A bialy is the lesser known cousin of the bagel. This delicious item originating in Poland in the city of Białystok looks similar to a bagel, however it is made differently. It’s not boiled at all–and there’s not a hole: just filling (often onions). Most Jewish bagel stores will carry them.
Knishes are a traditional food from the Jewish community. They were brought over by Eastern European immigrants and they’re one of the most unique foods to find in New York as I’ve not found them in many other cities. They’re doughy pastries with a filling, often potato. I recommend heading to Yonah Schimmel’s Knish Bakery on the Lower East Side and Knish Nosh in Rego Park for the real thing.
Chicken and Rice
Not a classic, but chicken and rice from the Halal Guys are a New York food classic. This former hot dog stand opened in 1990 ended up changing their menu to suit the tastes of Muslim cab drivers looking for halal food. Their chicken and rice with white sauce and hot sauce is worth the wait 100%.
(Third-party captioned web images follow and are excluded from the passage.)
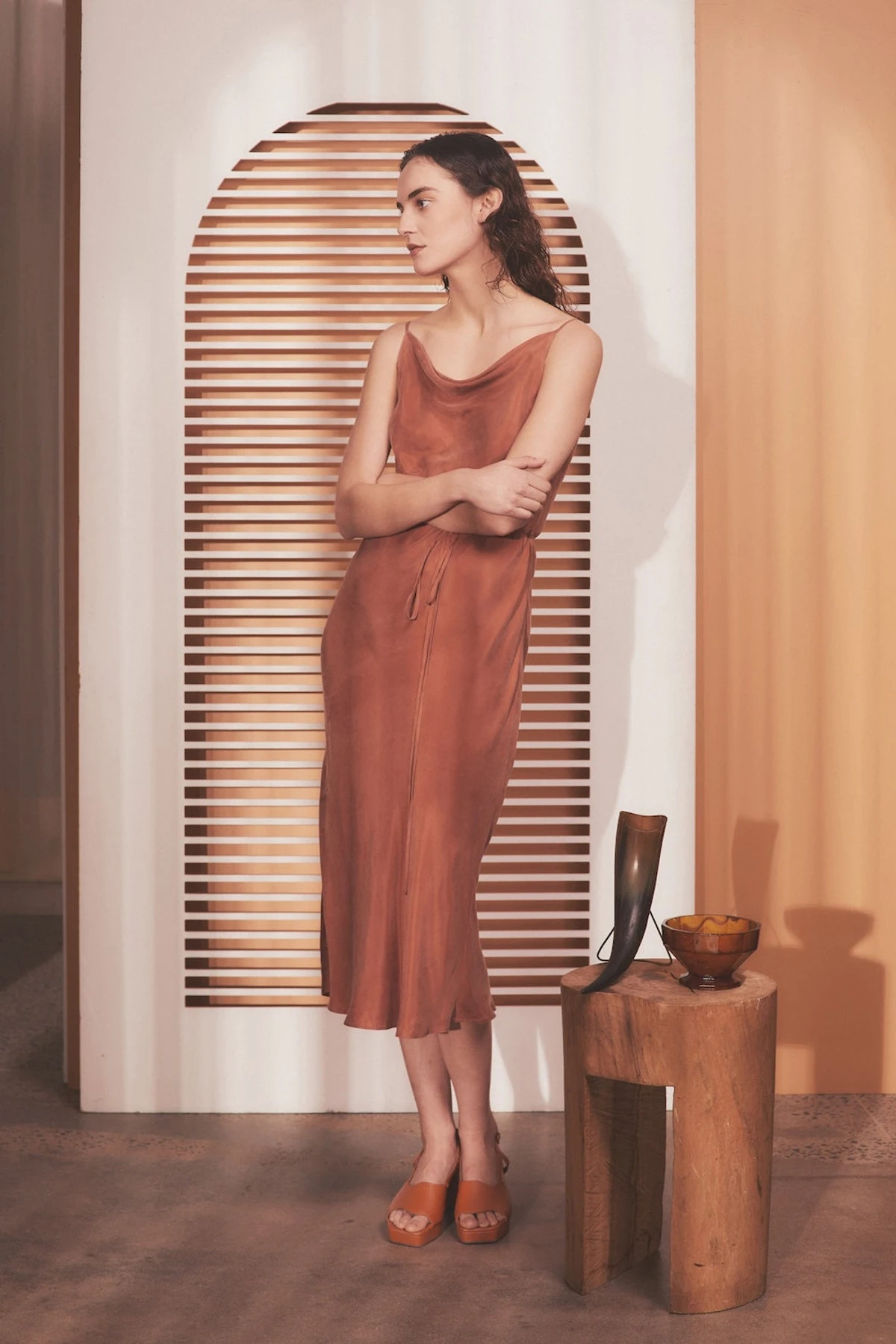 Siku Dress Rust 7 Siku Dress Rust - Image 5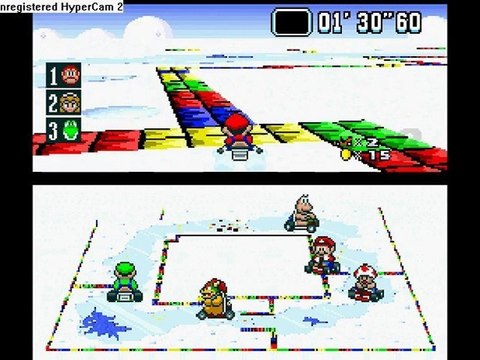 super mario kart snes 3
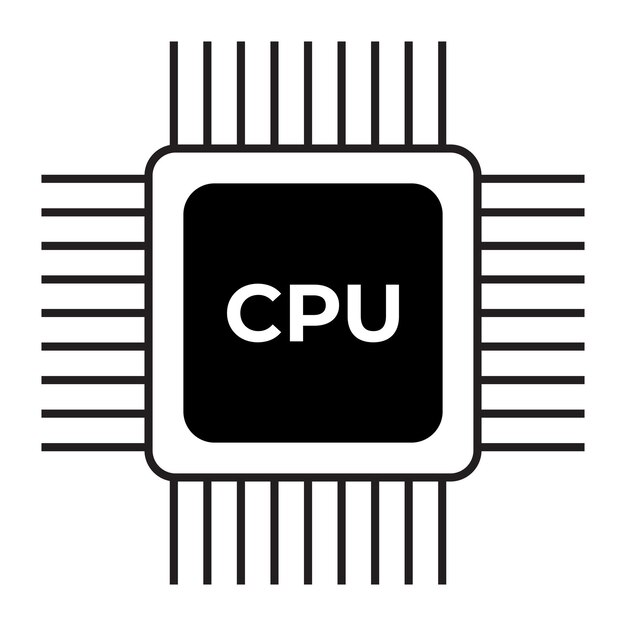 Black CPU Icon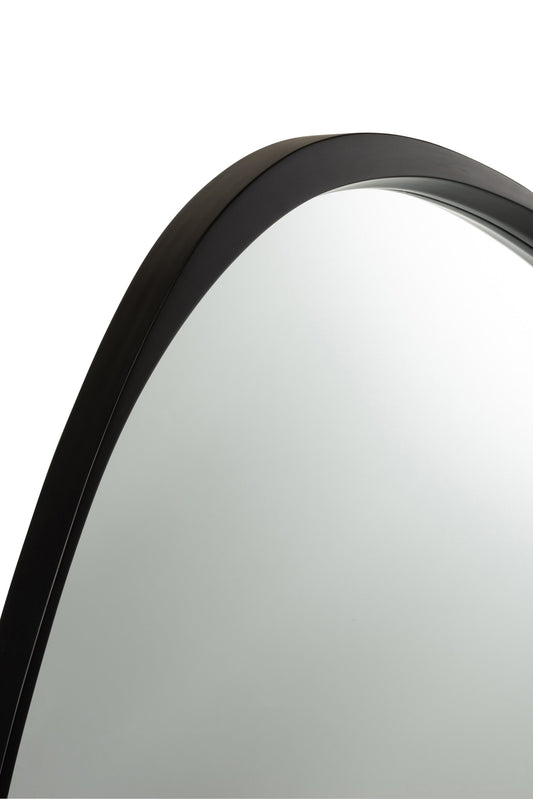 Mirror Giles Mdf/Glass Black Large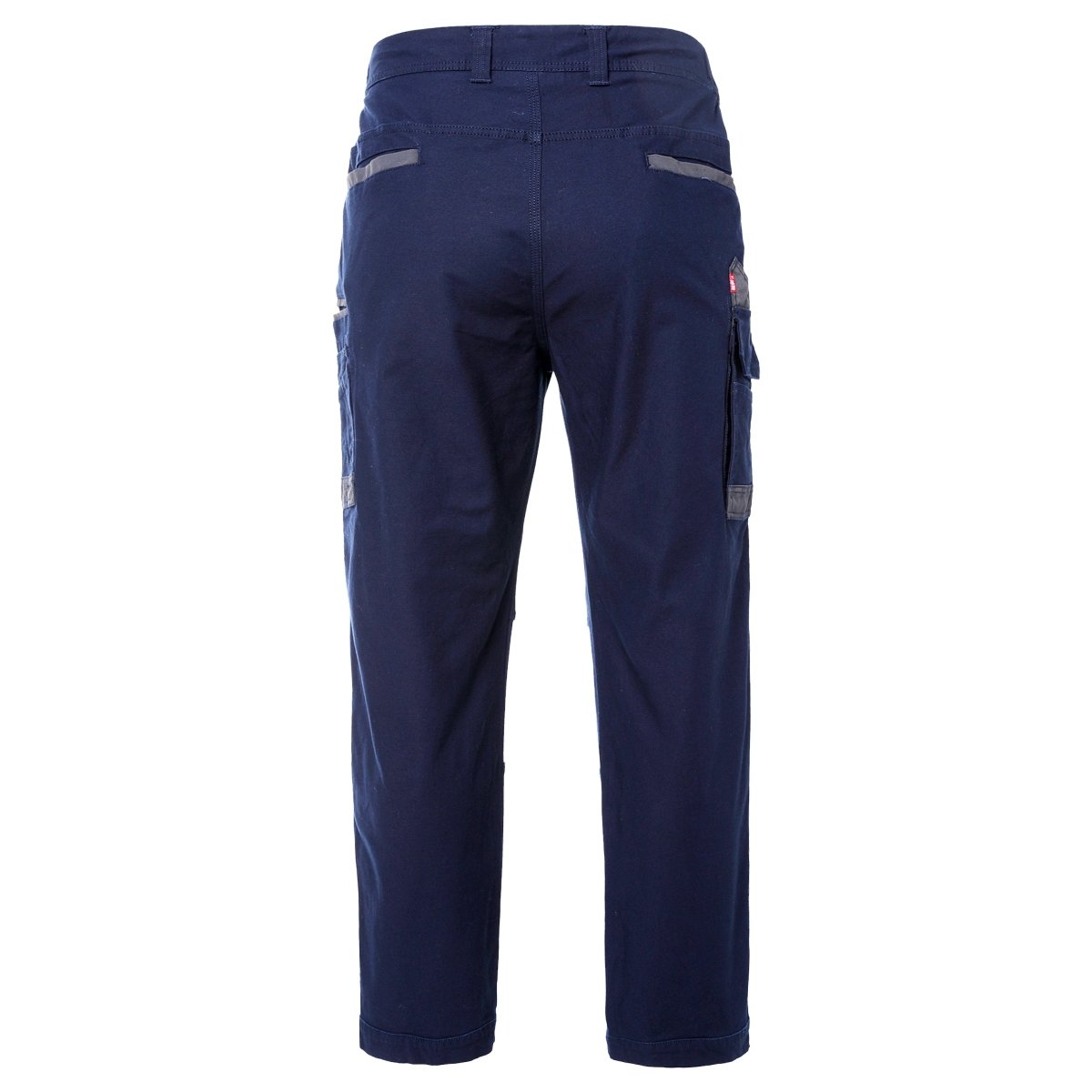 "brumby work pants in navy blue, back – Big Bee Workwear"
Cheesecake in New York is a must. There is a reason why people rave about New York Cheesecake. For the best cheesecake in New York, I recommend going to Junior’s in Downtown Brooklyn, the original branch of Junior’s with less of a line than the other locations in Manhattan.
Pizza in New York City is a must. I proudly say that New York Pizza is the best pizza in the United States as pizza came to the United States starting in NYC. Really. The first pizzeria in the United States of America was opened in 1905 by an Italian immigrant from Naples in New York City.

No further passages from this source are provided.